Each week this fall, after four days of therapy near her family’s Massachusetts home, Walton came to New Haven for Friday afternoon practices and weekend games, offering support to players and coaches. After each field hockey game, Lamb supplemented Walton’s therapy schedule with a walk.

“While she was going through so much, she always was thinking about the team and trying to keep our spirits up when the season was not going so well,” Anthony said.

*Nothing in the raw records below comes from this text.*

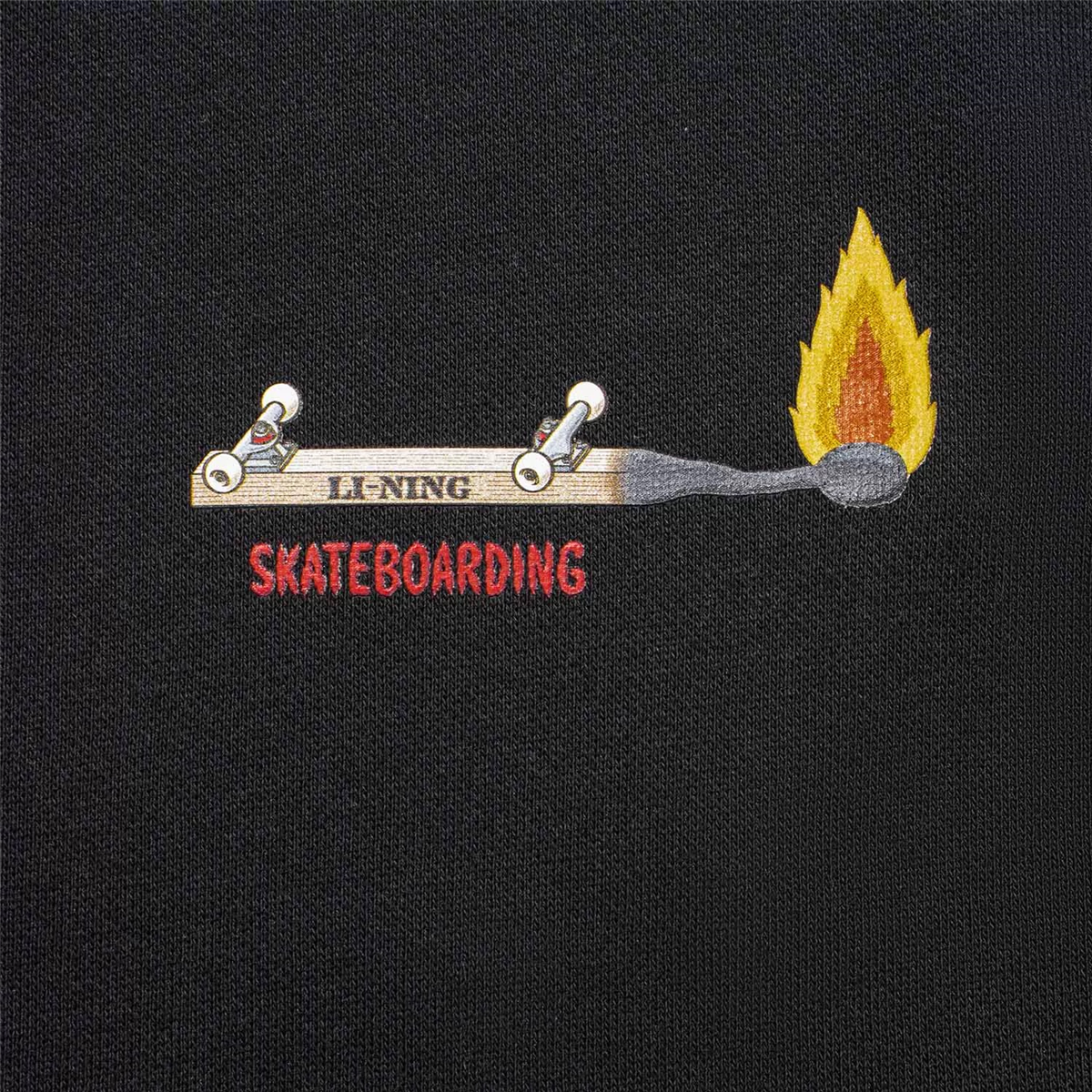 Unisex Basketball Training Pants "Skateboarding Match" black - AKLT949-1 4XL = 3XL EU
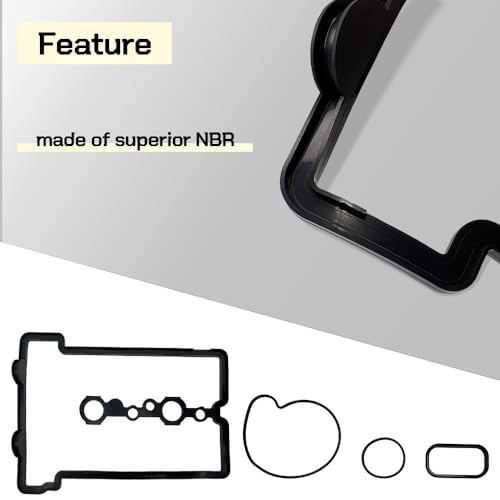 Polaris RZR XP1000 Top End Gaskets & Oil Seals Kit – 2013-2017
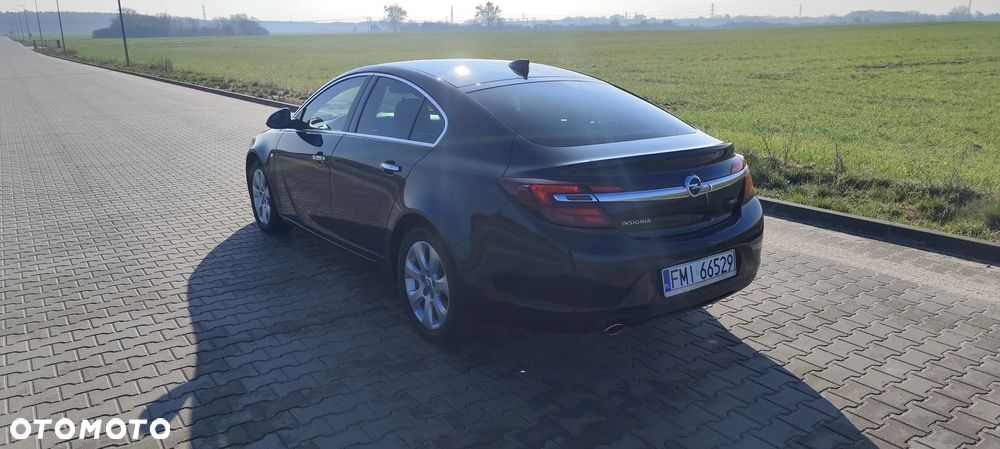 Opel Insignia 2.0 CDTI Exclusive S&S - 8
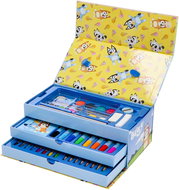 Mister licence Kreslící kufřík Bluye - Art Supplies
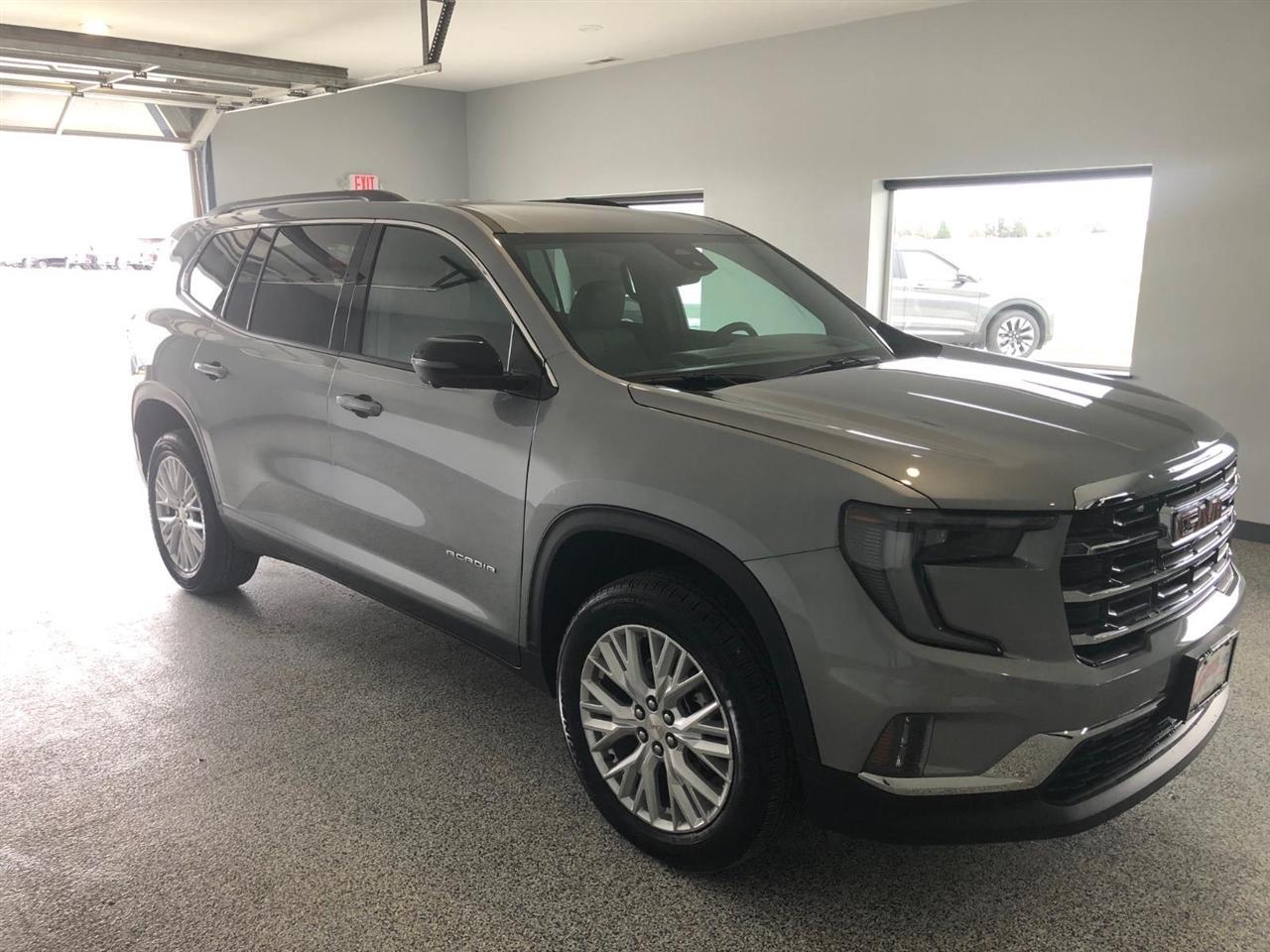 GMC Acadia AWD 4dr Elevation 2026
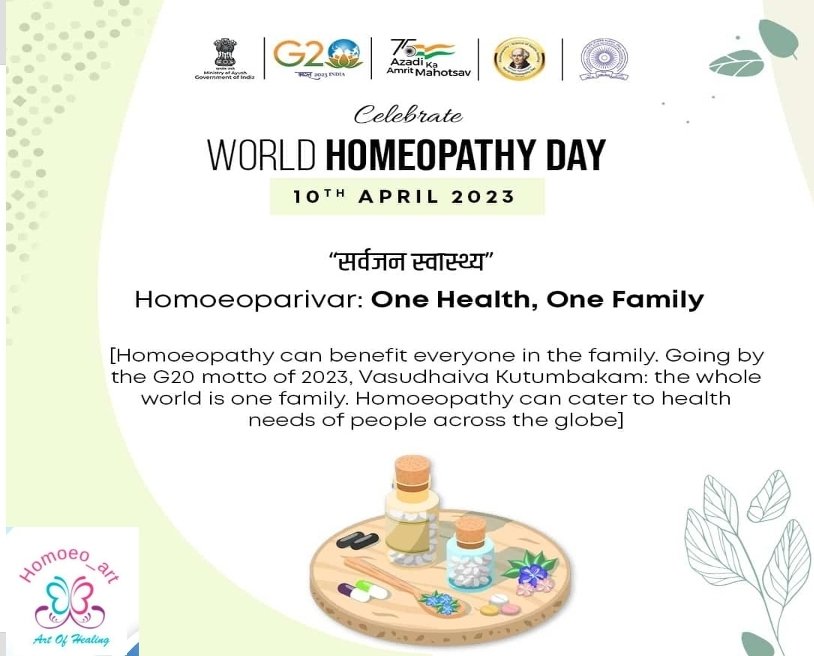 Shefali17876327's tweet photo. #long_live_Hahnemann
#long_live_Homoeopathy https://t.co/OkJF5LYNTH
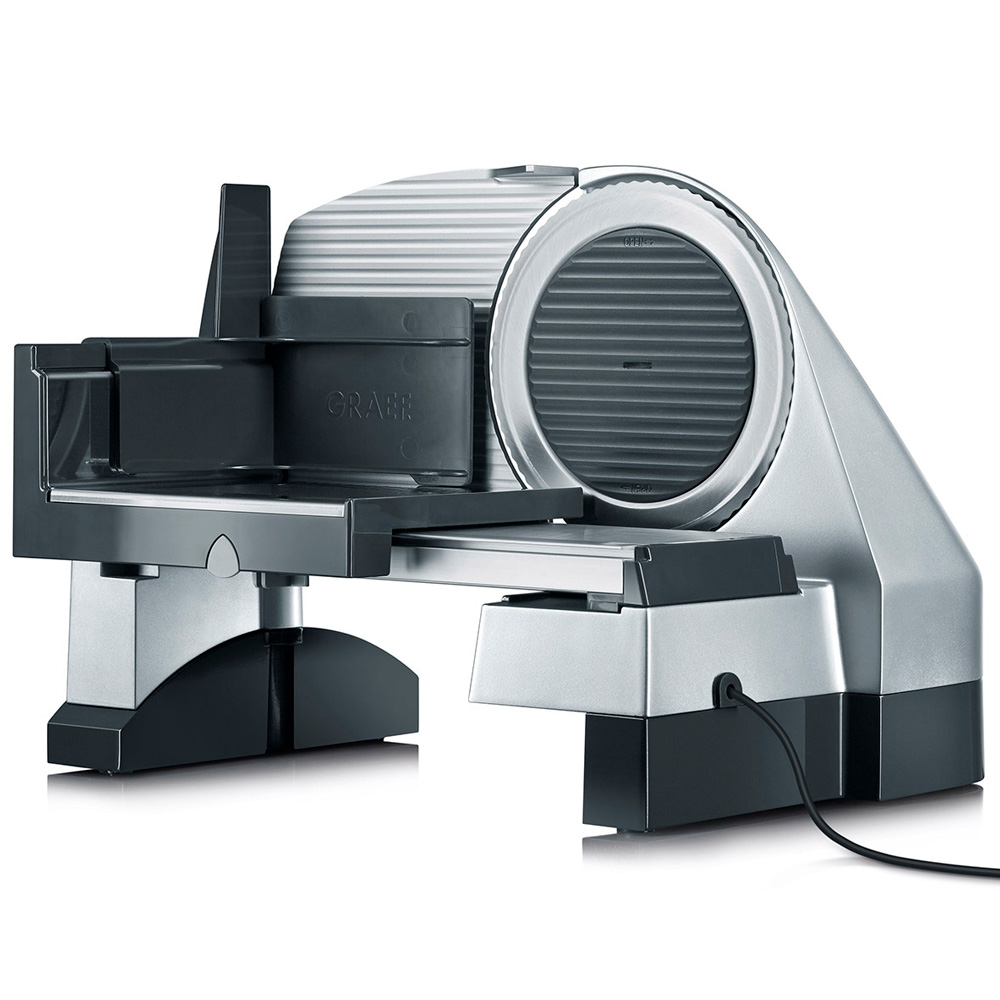 9976964 Ломтерезка GRAEF SKS 500 серебристый STDN-0079905 - Вид №1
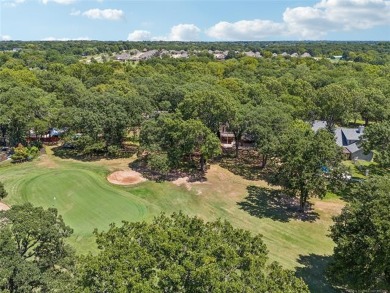 This one is your hole in one!!! Enjoy Gorgeous, Golf Course on Indian Springs Country Club in Oklahoma - for sale on GolfHomes.com, golf home, golf lot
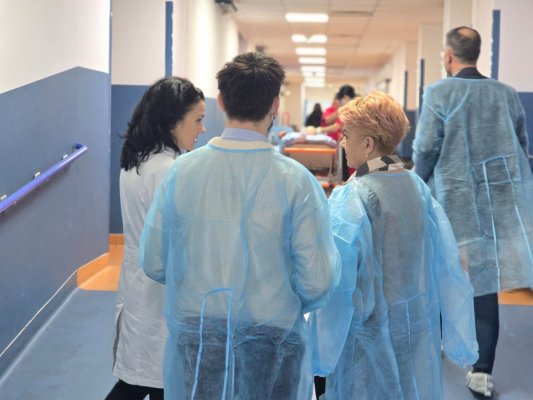 Serviciul de Control al lui Florin Mitroi extinde verificările la Spitalul Clinic Județean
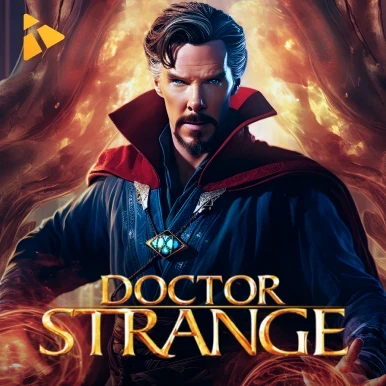 DU88 Doctor Strange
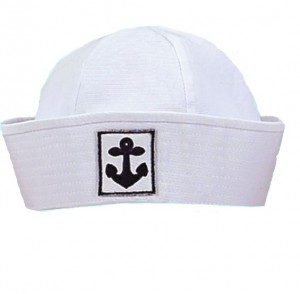 Toddler Sailor Hat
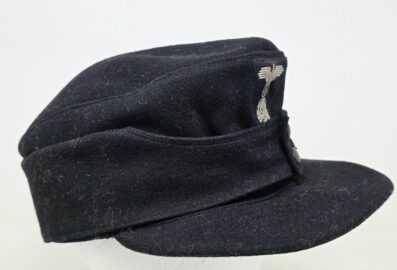 Waffen-SS Panzer M43 Cap - Image 3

The NCAA Honors Committee annually gives the Inspiration Award to someone involved in intercollegiate athletics who “when confronted with a life-altering situation, used perseverance, dedication and determination to overcome the event, and now serves as a role model to give hope and inspiration to others in similar situations.”

“Amanda Walton is the most incredible athlete I have ever played with,” Anthony said. “Her great athletic ability was able to shine because of her unending desire and dedication to be the best. This has only proven more true since her accident, yet now instead of competing on the field she is striving to walk again.”

The other recipients of this year’s Inspiration Award are Florida State football player Todd Williams and Loyola College of Maryland head women’s lacrosse coach Diane Geppi-Aikens.

Walton also received the Yale Athletics Department’s inaugural Amanda D. Walton Award, to be presented to an outstanding athlete who has excelled on the field of play and who has shown spirit and courage in transcending unforeseen challenges.

“As is the case with Amanda [Walton], she impacted the 1,500 or so people attending the event and as always, makes everyone walk away with a better appreciation for what athletics teaches us in the game of life,” Lamb said. “If anyone can inspire you to be a better person in all areas of your life, it is Amanda Walton.”